I have decided to write a weekly diary of our time through the Coronavirus pandemic. To keep for the future. It’s such an unprecedented time and full of so many mixed feelings and events we have never encountered before it is hard to process it all.
Our doorstep photo shoot photos are back from And Then She Clicked. I love them. They are so natural, but also really capture the essence of lockdown too. It’s made me think of the positive too. The things we have learned, the time I am getting with my children that I would never normally have. The things I am learning about myself too. I definitely like the slower pace. Not always rushing to the next class or meeting and I hope that we can keep some of this when it’s all over.
Our patio is complete today, and or car port roof but I am less excited about that. The one massive positive thing about this lockdown is how much work we have done in our garden. I am so pleased with it, it is a much nicer and positive place for us all to spend time in the garden. It’s also been a time for me to learn about gardening, which is something I thought that I was useless at before. I’ve grown plants and vegetables and I am actually proud of all of the post of flowers that I have.
Today I woke up with an awful headache and my chest has been bad. I was convinced that I had Covid for a little while, but of course as soon as I took my inhaler and an anti-histamine I felt so much better. It was the pollen, it just shows to you how much your mind pays tricks on you at the moment.

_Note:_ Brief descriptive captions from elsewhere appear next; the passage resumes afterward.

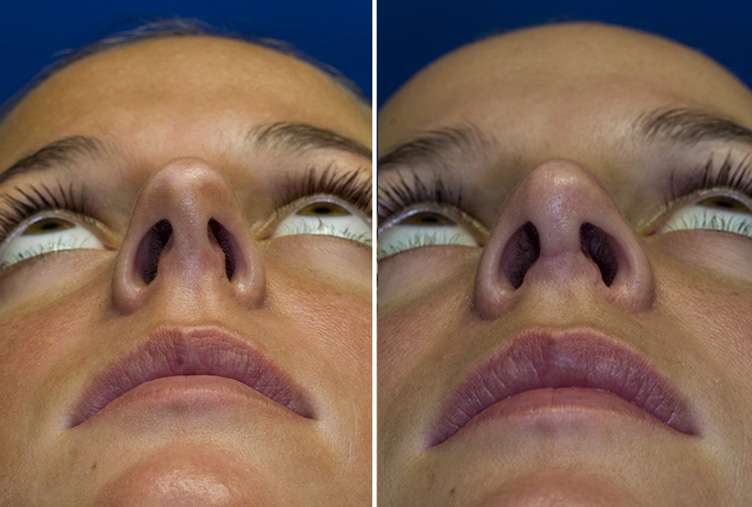 Asymmetric Nostrils Rhinoplasty In Seattle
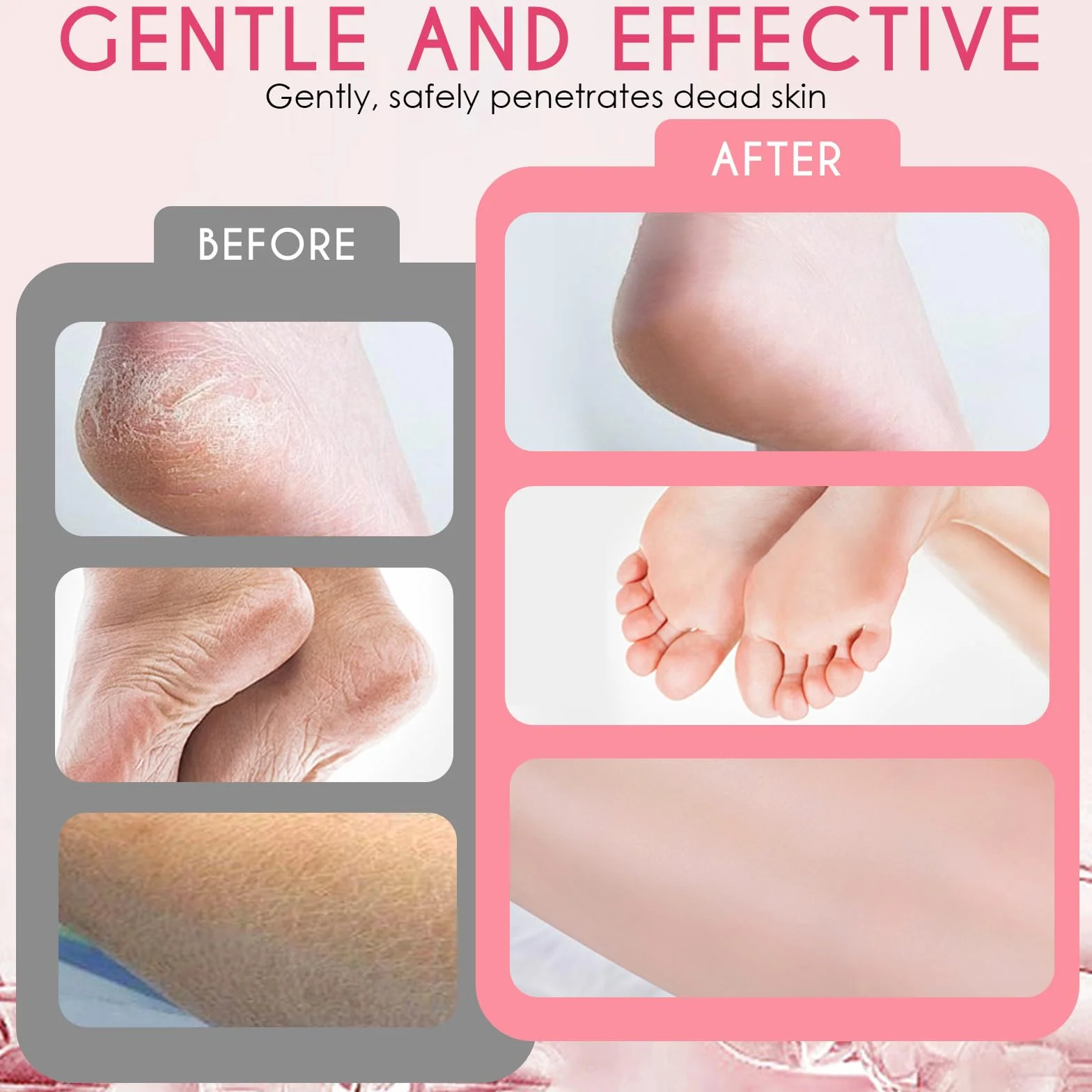 Masque Pied Peeling, Hornhaut Entfernung Fuß Peeling Maske, Hydratant, Nourrissant Pieds, Soin Réparateur (strawberry + papaya)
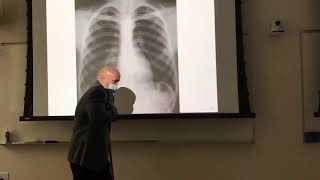 Chest xray positioning [upl. by Amador]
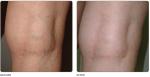 arm laser EQUIPMENT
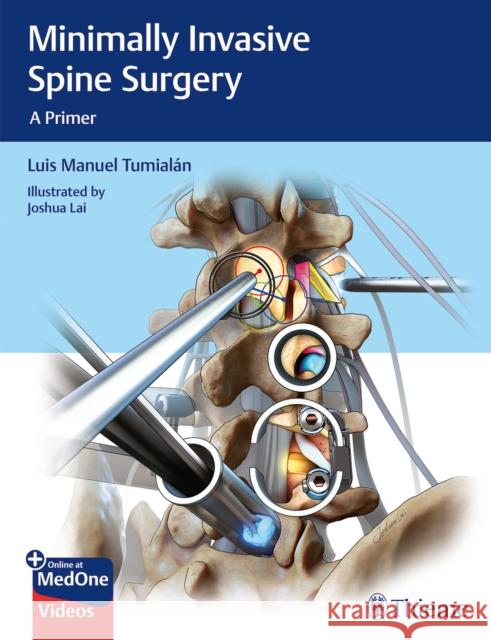Minimally Invasive Spine Surgery: A Primer Tumialan, Luis Manuel 9781626232181 Thieme Medical Publishers - książka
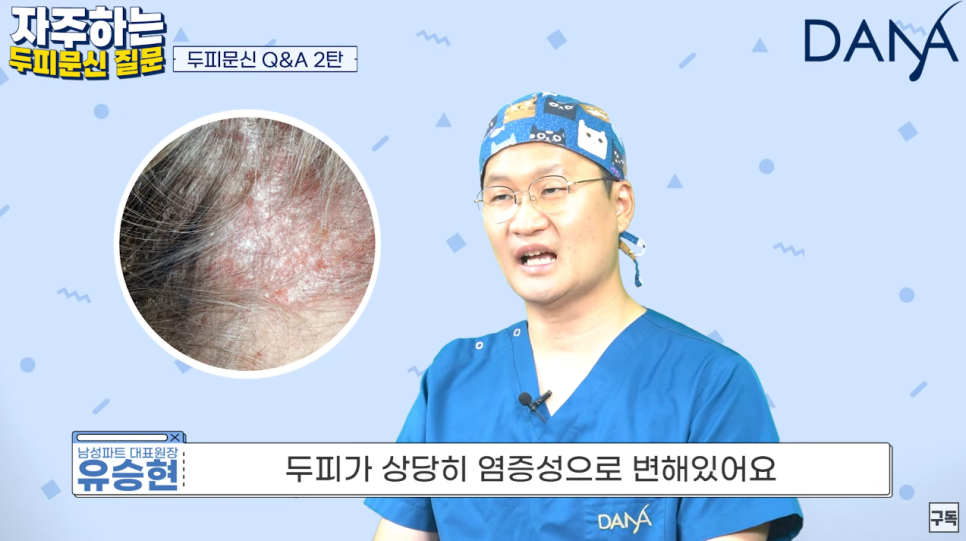 Scalp Micropigmentation: Is the Procedure Possible if You Have Seborrheic Scalp Dermatitis? image 2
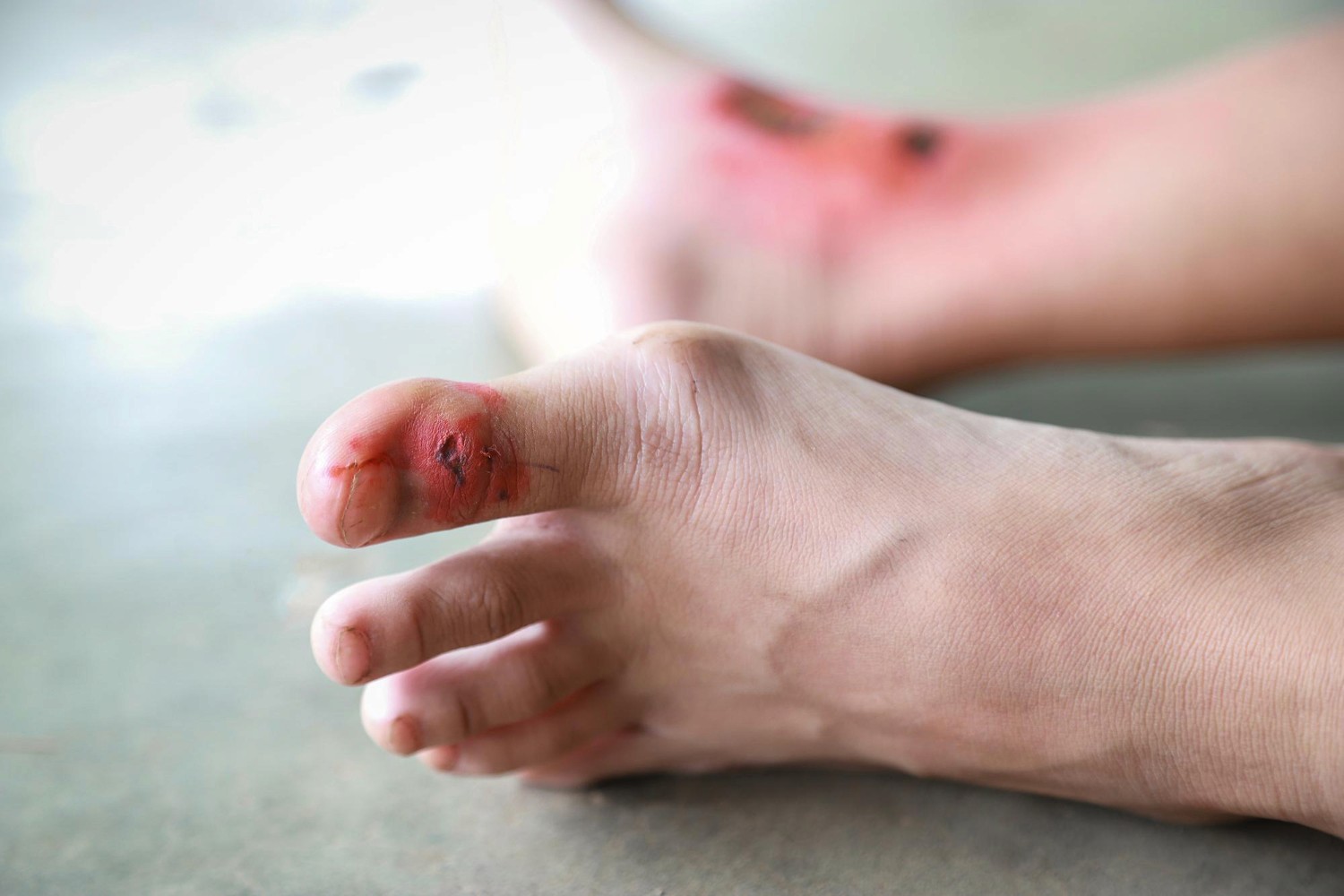 What Bedside Wound Care in Dallas TX Looks Like Week to Week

The news just gets worse and worse, I had to turn it off. The fascist right wing people going into London to riot under the guise of protecting statues. I just needed to back away from the negativity. Instead I spent the day in the garden with the children and re-potted the plants from the greenhouse that were ready to come out.
I am having a bit of a wobble. On the school’s Facebook group I hadn’t realised how many of Aria’s friends are going back to school tomorrow. I had a wobble as to whether we are doing the right thing keeping her home. Over the last couple of weeks I am seeing how much she is missing and seeing her friends. She has Logan to play with of course, but it’s just not the same. I can start to see the impact it is having on her. I have been trying to arrange more video calls for her to get some more interaction and I am hoping as we move into the summer holidays we may be able to socialise with people in bubbles more and more.
My husband is more assured in our decision. Pointing out her asthma and the fact it’s only 4 weeks of school and then it’s the school holidays anyway. That we’re more likely to regret sending her in than not sending her in.
A lot of things are changing today. As I mentioned yesterday, some school children can go back to school today. A selection of children – nursery, reception, years 1 and 6. Also, shops that have been closed since the 23rd March can open – with social distanced rules and no changing rooms. The roads are definitely busier and it feels like life is starting to try and move towards normality. Despite all of this we’re still not allowed to see family, except socially distanced. Or have them in our homes. I wonder when this will change.
Hairdressers, beauty salons, pubs and restaurants are still closed. And we’re still not allowed to go on holiday. I think the concerning thing for me is that the R rate went up last week, but also the contraction of the economy in April was horrific, and I know it’s a very fine balancing line.